As to the influence of modern political correctness on my thought, I plead guilty as charged. I am a product of late twentieth and early twenty-first century American culture. Historians of the future who read my writing will have me quickly pegged. My historical context plays a critical role in explaining what issues interest me and what approaches I take to responding to the issues of my day. I am the son of an Orthodox rabbi, who grew up in Columbus OH and is trying to reconcile the religious sensibilities of his youth and the liberal culture that he has spent his life as a spectator of. This sense of being a spectator is reinforced by my Asperger syndrome. The attempted reconciliation has been to turn to the past toward the medieval rationalism of Maimonides and the classical liberalism of John Locke and J. S. Mill. Maybe I will be of interest to historians of the future as someone, in the twenty-first century, who still managed to be a harbinger of future thought.

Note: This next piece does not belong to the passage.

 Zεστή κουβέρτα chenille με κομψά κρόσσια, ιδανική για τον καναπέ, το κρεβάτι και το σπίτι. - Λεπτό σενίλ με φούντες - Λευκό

How might I have thought about homosexuality if I had lived several decades ago? I probably would have thought a lot less about it since it would not have been a major political issue for my historical context. I probably would have a much stronger visceral reaction against it. For example, despite the fact that polygamy is in the Bible, I still have a strong visceral reaction to the very idea of women taking their turn with the man. I stopped reading Robert Jordan's Wheel of Time series once you had the main female characters deciding that they all loved Rand and that therefore they would share him. If I spent time in a society where polygamy was accepted I would probably say that, while polygamy is not my thing, people are free to do it in the privacy of their own homes. (By the way I do believe that polygamy should be legal even if I do not support government recognition of it and that polygamous couples have the right to anything that the government chooses to give homosexual couples.) In the end I am guided by principles, principles that have little to do with modern liberalism. If I were really interested in bowing before political correctness I would not be taking the sort of positions that I do. Remember, that within the context of academia, I am what passes for a conservative.
(I think this marks the end of the conversation. It has been fun.)